I think its safe to say you won't get banned or sent to prison for questioning a summons.



> I have been driving for 20 years since I was 18, , have a full clean license, no penalty points, never fined or even pulled over. Doesn't mean I drive at 30 miles an hours on the motorway, just means I don't drive like a prat.



Over confident drivers can sometimes be the worst.


----------



## werner (4 Jan 2008)

*Re: motoring offence*



RainyDay said:


> Can I confirm exactly what you mean by this?
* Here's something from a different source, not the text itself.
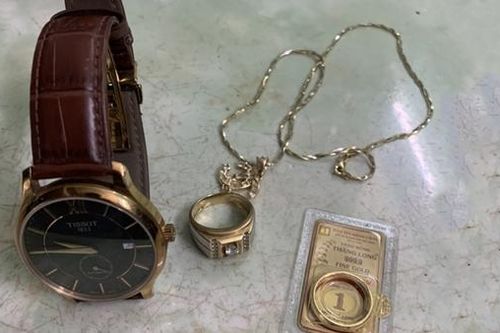 Mở cửa hóng gió, bị 'dơi đêm' ghé thăm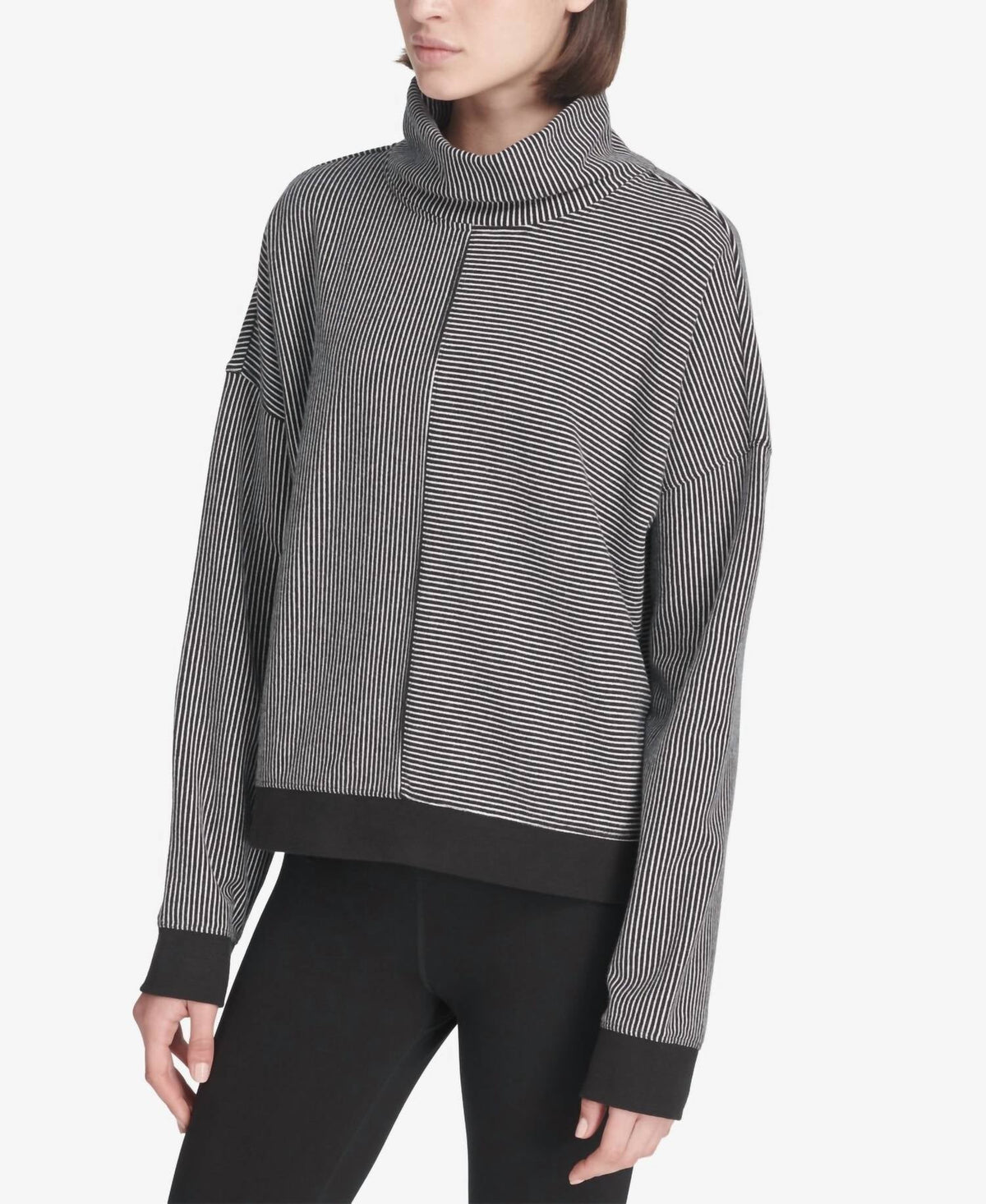 Top con cuello alto a rayas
Are you suggesting that all 'no right turn' and 'no left turn' signs are contrived nonsense?


 
Yes many are.

I can site numerous areas that traffic patterns have been changed by the local councils, with Dublin City Council being far the worst and the "traffic engineers" have failed to update corresponding "no right/left turns" on relevant streets.
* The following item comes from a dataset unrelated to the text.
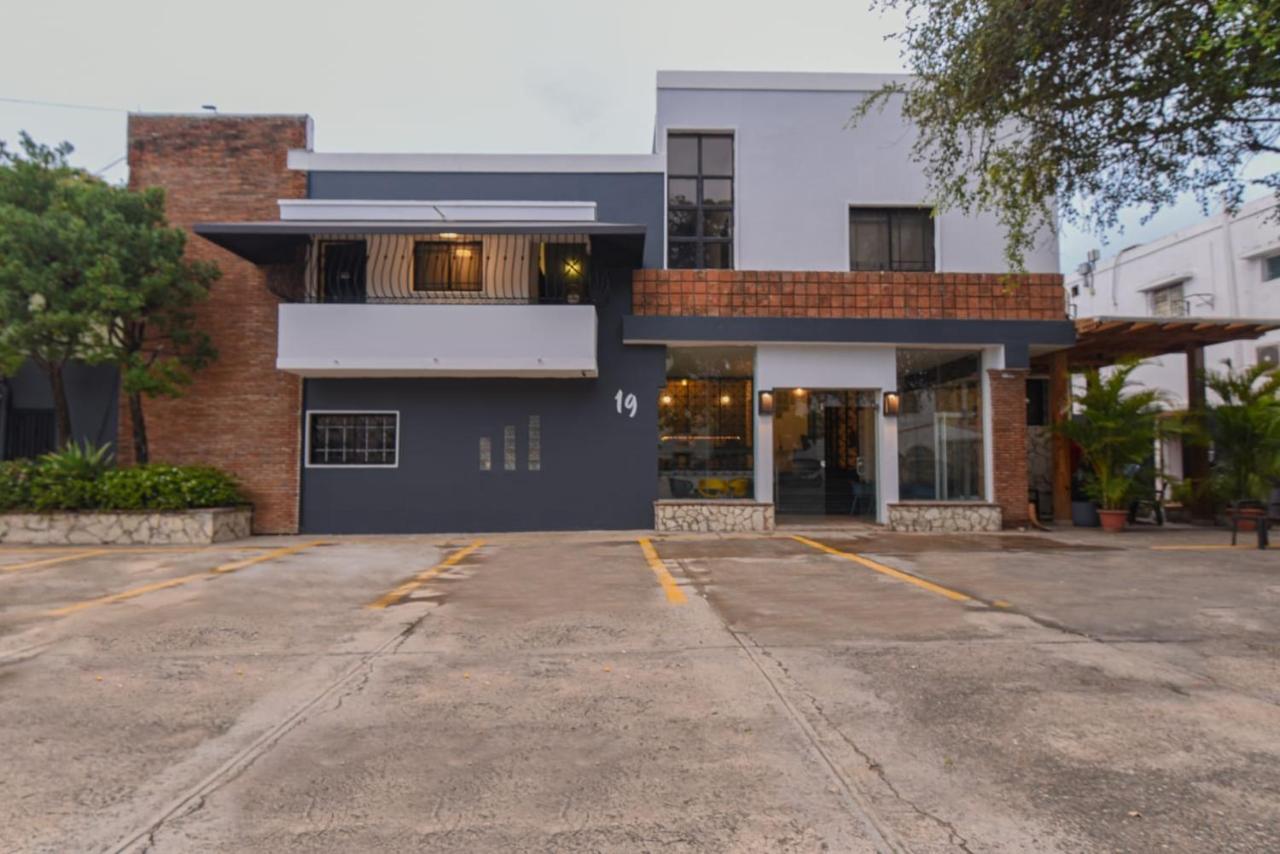 Ph 19 Guesthouse Hotel In Gazcue 聖多明哥 外观 照片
The only time these have come to notice is usually when a serious accident ("engineered" accident in my opinion due to poor planning) and then such signs are updated.


----------



## RainyDay (4 Jan 2008)

werner said:


> Yes many are.
> 
> I can site numerous areas that traffic patterns have been changed by the local councils, with Dublin City Council being far the worst and the "traffic engineers" have failed to update corresponding "no right/left turns" on relevant streets.
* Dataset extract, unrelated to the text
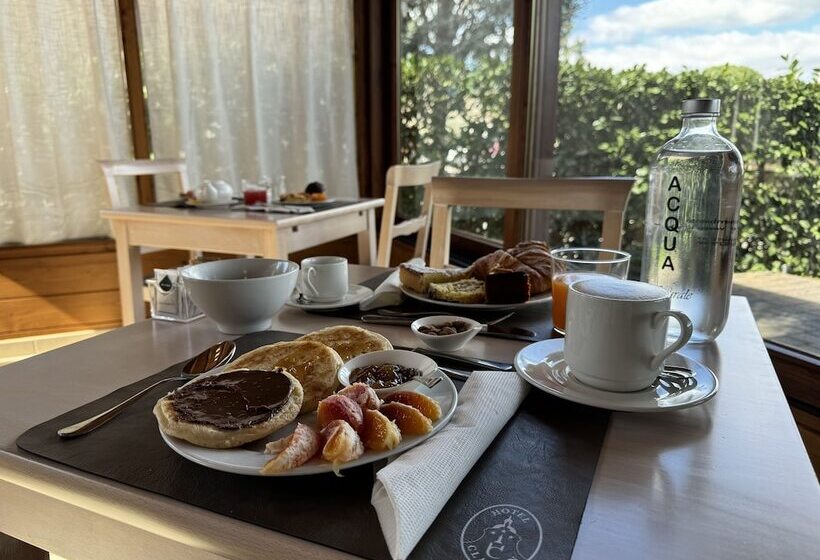 בית מלון כפרי Cladan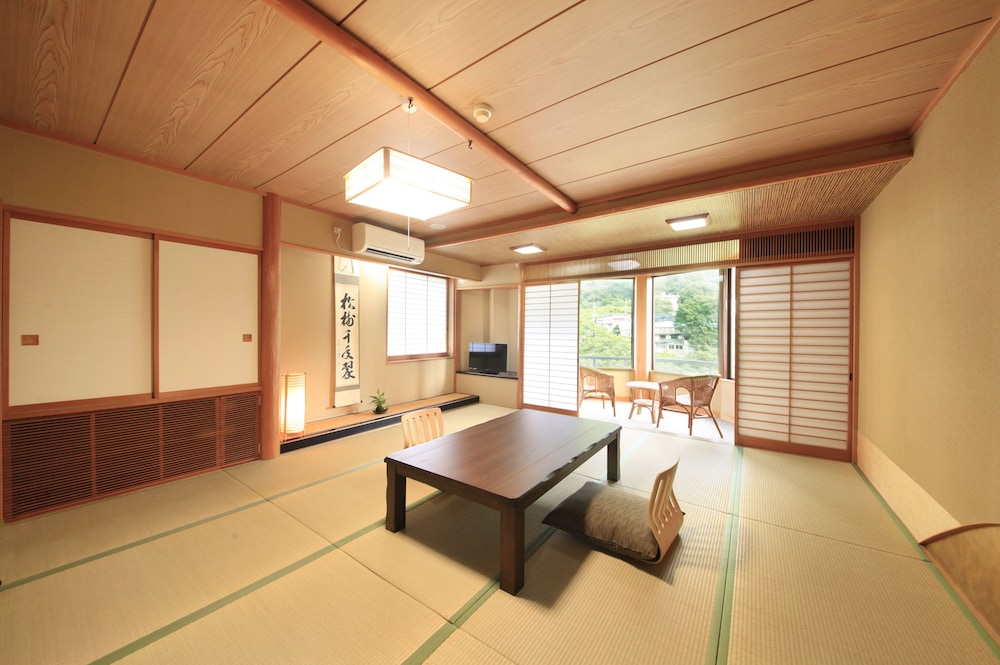 Japanese Style Room with River View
Would you care to share some examples of this around Dublin?


MrMan said:


> I would agree with Randy in the sense that pre points I was caught speeding a couple of times and I didn't mind just stumping up the cash, but when the points came in the fine took a back seat and my worry was collecting points and possibly losing a licence.


That's not what Randy said. He said that his main incentive was concern around increased insurance costs arising from penalty points, not loss of licence.


----------



## Guest127 (4 Jan 2008)

why not take a photo of the area concerned. go to court. and when charged ask where does it say no left turn? produce the photo. case dismissed. one angry and I imagine vendictive plod to deal with in future though.
as for no left turns. sometimes these beat the hell out of me . theres a road in drumcondra facing the big tree or thereabouts. No left turn onto the drumcondra road. So you are expected to turn right towards the city centre and into traffic, when all you want to do is turn left and scoot out of the city. beats me anyway.


----------



## A_b (4 Jan 2008)

more often than not the guard won't turn up to court and fine will be scrapped


----------



## Stifster (4 Jan 2008)

A_b said:


> more often than not the guard won't turn up to court and fine will be scrapped


 
From professional experience while it happens a lot it is still in the minority of cases.


----------